# Kayak and fly rods.



## J_Lannon (Jul 23, 2003)

For those of you that fly fish from your kayak, what are you favorate lenght/weight rods to use?

I'm thinking of gearing up for the "speck" run.

I used to toss flies years ago and I'm thinking about starting up again.

I'm thinking also about a nice big floppy hat to prevent acidental ear piercings.........although my son would think I'm finally "hip".  


Thx.....................John


----------



## erfisher (Feb 9, 2004)

First off, I really only use my flyrod for fishing the light line at HRBT and CBBT. You can tear em up that way, and it is FUN.

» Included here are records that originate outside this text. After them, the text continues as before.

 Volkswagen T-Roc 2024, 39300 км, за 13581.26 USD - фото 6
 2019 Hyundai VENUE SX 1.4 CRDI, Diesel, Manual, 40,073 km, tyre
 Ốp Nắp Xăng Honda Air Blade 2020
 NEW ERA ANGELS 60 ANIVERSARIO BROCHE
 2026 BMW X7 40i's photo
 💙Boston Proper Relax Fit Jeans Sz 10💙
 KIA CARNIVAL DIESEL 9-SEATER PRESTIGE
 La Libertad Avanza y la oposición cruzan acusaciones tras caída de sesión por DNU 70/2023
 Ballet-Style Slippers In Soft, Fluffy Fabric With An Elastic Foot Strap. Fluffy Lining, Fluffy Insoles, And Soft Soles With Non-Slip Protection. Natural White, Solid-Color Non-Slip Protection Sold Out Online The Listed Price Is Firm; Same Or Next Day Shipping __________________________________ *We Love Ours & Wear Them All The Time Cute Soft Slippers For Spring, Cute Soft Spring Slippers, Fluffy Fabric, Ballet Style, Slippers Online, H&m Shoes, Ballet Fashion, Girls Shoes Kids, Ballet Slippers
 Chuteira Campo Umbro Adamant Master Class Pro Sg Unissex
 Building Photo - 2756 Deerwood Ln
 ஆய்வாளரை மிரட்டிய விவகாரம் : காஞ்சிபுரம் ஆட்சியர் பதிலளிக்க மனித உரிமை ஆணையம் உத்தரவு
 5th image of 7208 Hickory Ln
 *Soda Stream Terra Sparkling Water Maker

I got a 9' 8wt in March and like it alot. If I were going to do it again I would get an 8' 6wt. because none of the fish I catch in the light line are ever over 28", and most are 16"-22". The 8wt. would handle a BIG striper,and bigger flies than I use most of the time. Go over to Bass Pro Shop and get one of the combo outfits for $70-$100. It comes with floating line which you will probably want to replace with some level of sinking line. I got a floating line with a 10' sink tip that works well. Also, consider tying your own flies from the get-go. I did and they catch plenty of fish and are alot cheaper than buying them. You also get a level of satisfaction from catching a fish on a fly you made yourself.

Good luck!


----------



## Chad (Apr 26, 2004)

9' 8WT. When the water is real cold you can use a lighter rod and the fish will be okay, but if you use a real light rod when the water is warm then you'll probably kill the fish when you release it. If you plan to fish anywhere other than the light line you'll actually need to cast and an 8wt will punch through the wind a little better especially with larger or heavier flies. I think an 8wt is the best all around rod for this area and most appliications. It'll be too much rod for some things and not enough for others but it it's a good compromise.
Chad


----------



## J_Lannon (Jul 23, 2003)

*Thx*

Thanks for the response guys. I'll start digging out my old Ryobi fly reels and match them up to what you guys said.

I still have alot of flies that I have tied back in the 70's, i'm thinking alot of my old streamers would work in SW as well. I guess i'll match them up against some of the popular SW flies used around here to start with.


----------